What you need to do: Give all the lines below again, exactly, with no pictures.
┌──
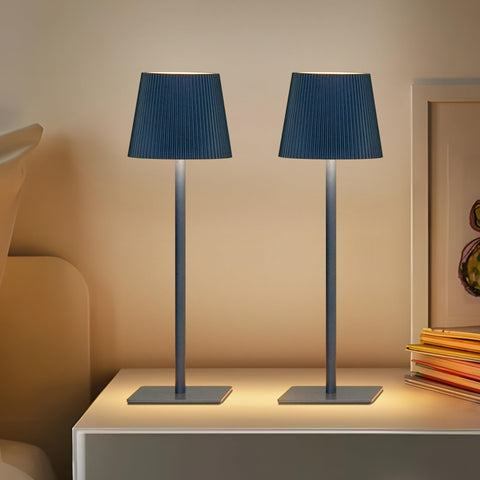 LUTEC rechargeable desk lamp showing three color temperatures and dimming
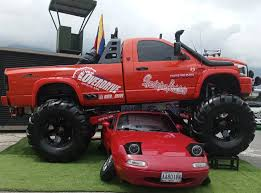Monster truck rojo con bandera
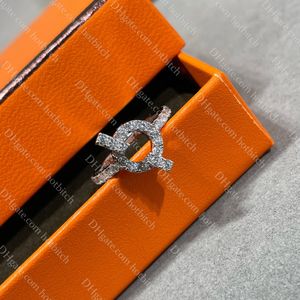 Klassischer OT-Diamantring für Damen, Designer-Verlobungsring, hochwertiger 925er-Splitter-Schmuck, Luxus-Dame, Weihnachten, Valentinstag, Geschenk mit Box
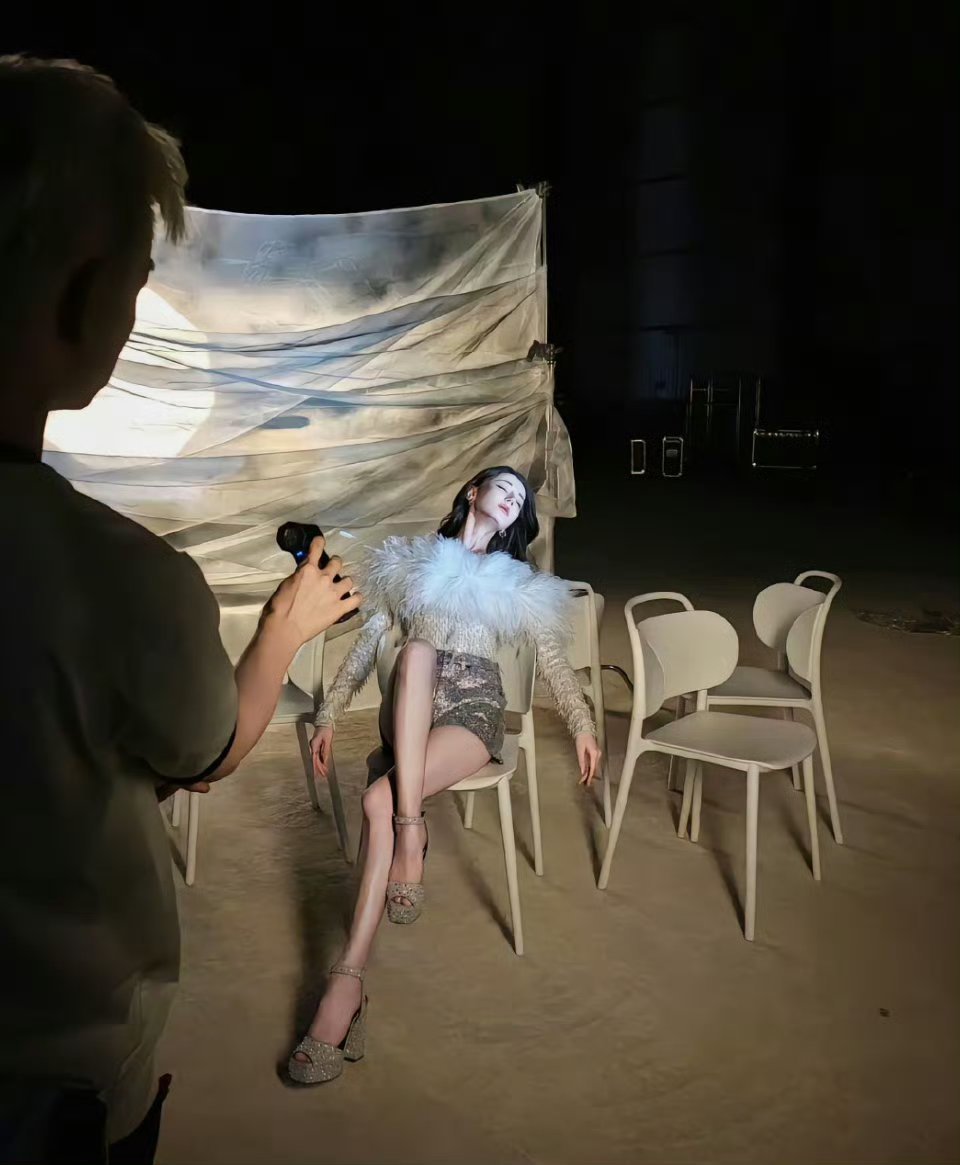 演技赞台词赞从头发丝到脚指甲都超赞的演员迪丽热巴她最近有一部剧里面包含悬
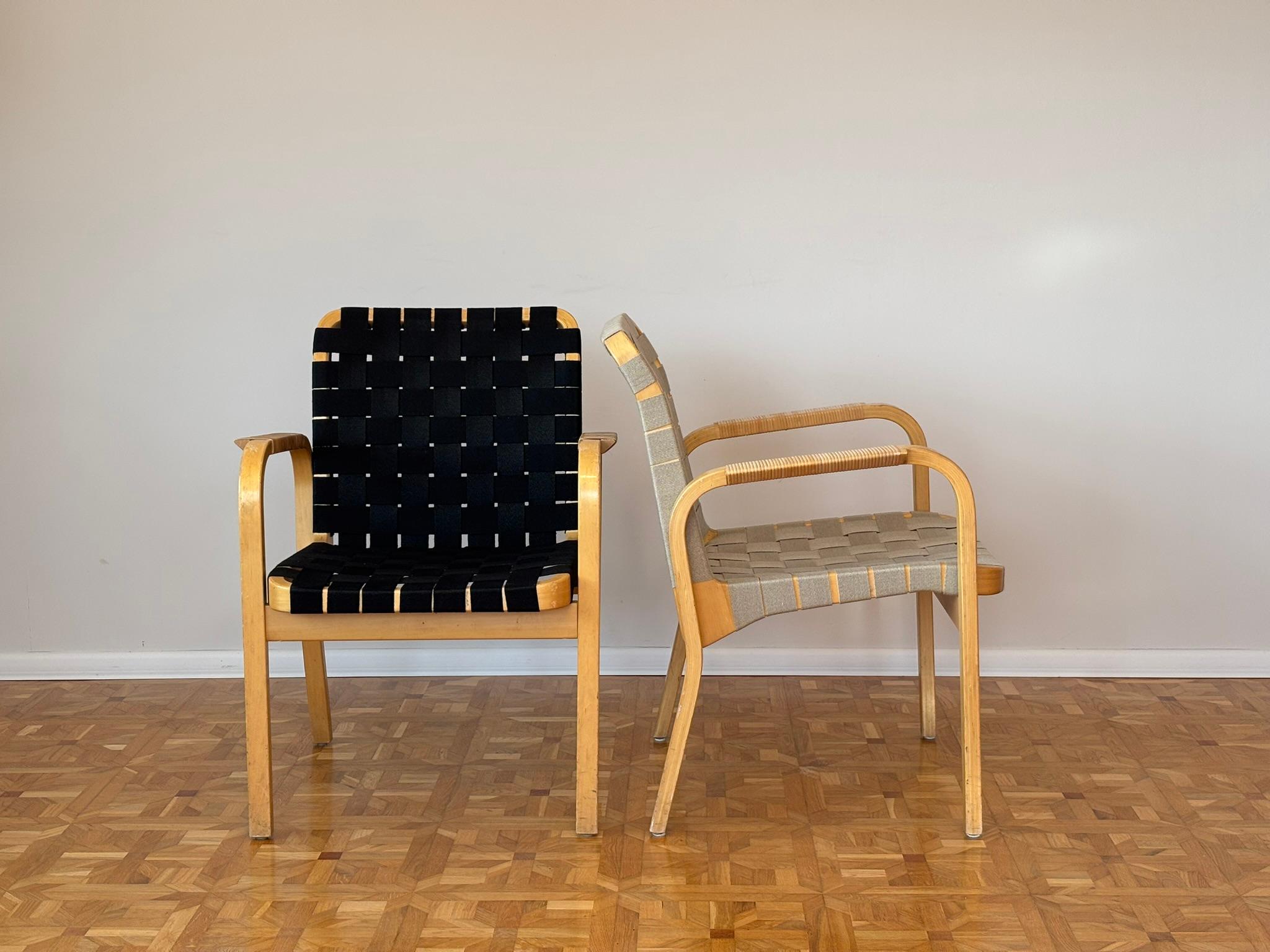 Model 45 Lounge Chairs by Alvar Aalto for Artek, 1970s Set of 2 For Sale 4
└──
Output below:
 LUTEC rechargeable desk lamp showing three color temperatures and dimming
Monster truck rojo con bandera
 Klassischer OT-Diamantring für Damen, Designer-Verlobungsring, hochwertiger 925er-Splitter-Schmuck, Luxus-Dame, Weihnachten, Valentinstag, Geschenk mit Box
 演技赞台词赞从头发丝到脚指甲都超赞的演员迪丽热巴她最近有一部剧里面包含悬
 Model 45 Lounge Chairs by Alvar Aalto for Artek, 1970s Set of 2 For Sale 4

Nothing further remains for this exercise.